-- BRIEF --
This calls for a word-for-word copy of all the data, with each picture removed.

#### PROVIDED DATA

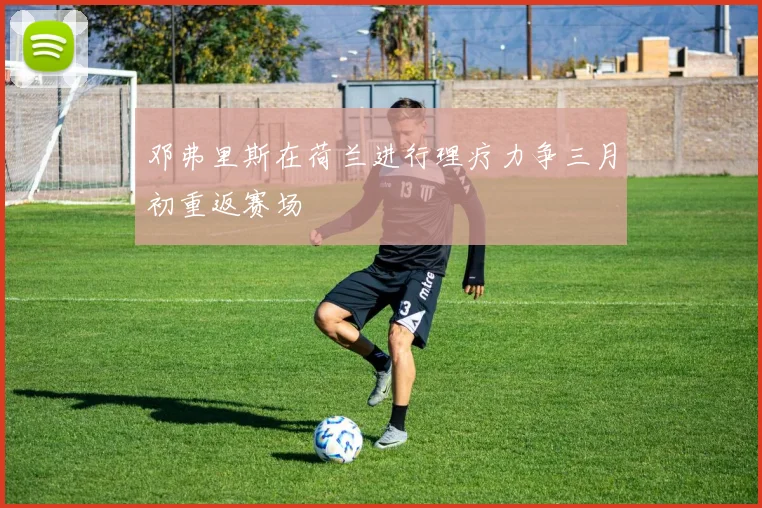 邓弗里斯在荷兰进行理疗力争三月初重返赛场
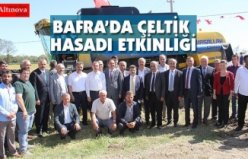 BAFRA’DA ÇELTİK HASADI ETKİNLİĞİ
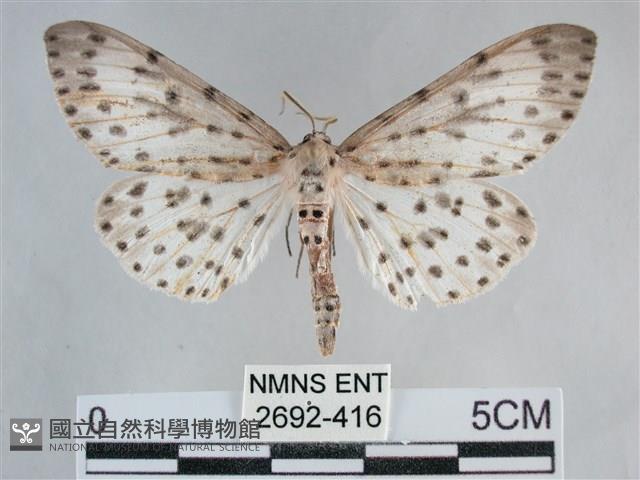 大胡麻斑星尺蛾藏品圖，第1張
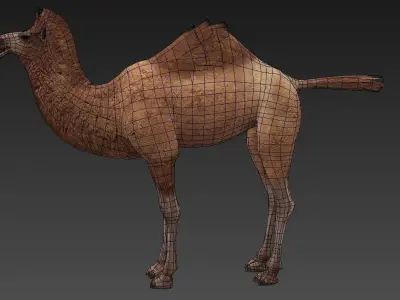 camel Low-poly 3D model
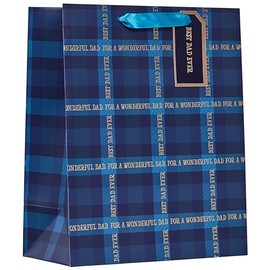 Design by Violet Blue ‘For A Wonderful Dad’ Gift Bag with Gift Tag for Father’s Day, Birthday, Occasion, For Dad, Gift Wrap, Best Dad Ever, Tartan Design - Large Size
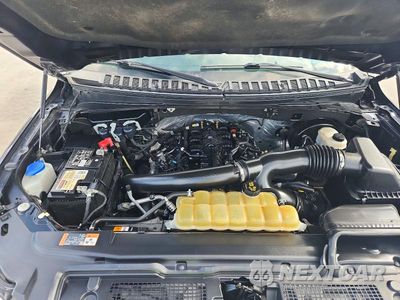 Zdjęcie 12 z 13 samochodu: 2021 FORD EXPEDITION XLT VIN:1FMJU1HT0MEA66470 - miniatura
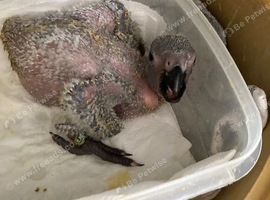 Hand reared African Grey baby Parrot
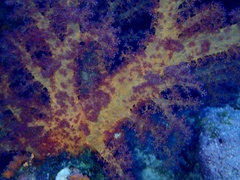 Dendronephthya hemprichi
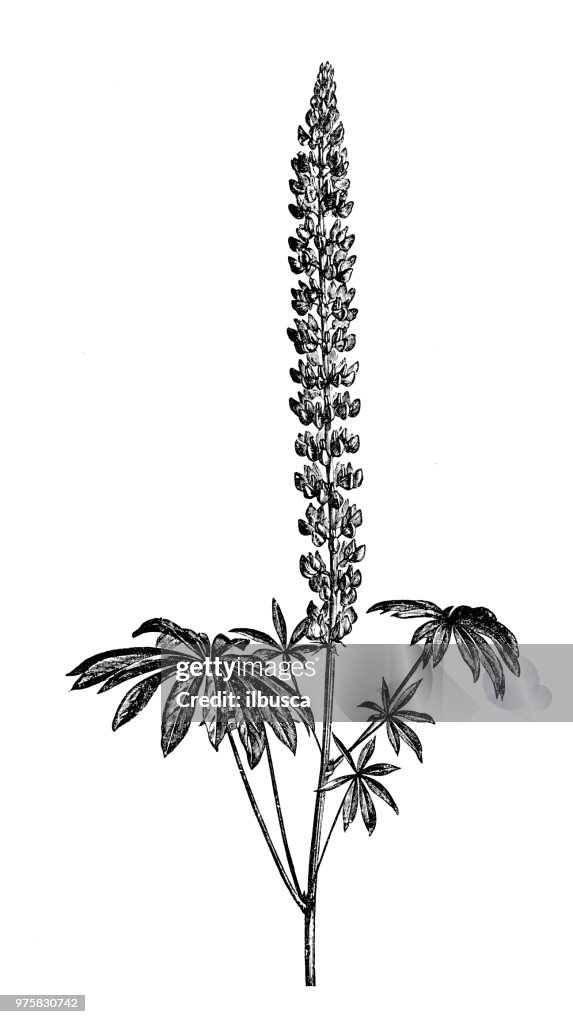Botany plants antique engraving illustration: Lupinus polyphyllus, garden lupin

########

-- RESULT BELOW --
 邓弗里斯在荷兰进行理疗力争三月初重返赛场
 BAFRA’DA ÇELTİK HASADI ETKİNLİĞİ
 大胡麻斑星尺蛾藏品圖，第1張
 camel Low-poly 3D model
 Design by Violet Blue ‘For A Wonderful Dad’ Gift Bag with Gift Tag for Father’s Day, Birthday, Occasion, For Dad, Gift Wrap, Best Dad Ever, Tartan Design - Large Size
 Zdjęcie 12 z 13 samochodu: 2021 FORD EXPEDITION XLT VIN:1FMJU1HT0MEA66470 - miniatura
 Hand reared African Grey baby Parrot
 Dendronephthya hemprichi
Botany plants antique engraving illustration: Lupinus polyphyllus, garden lupin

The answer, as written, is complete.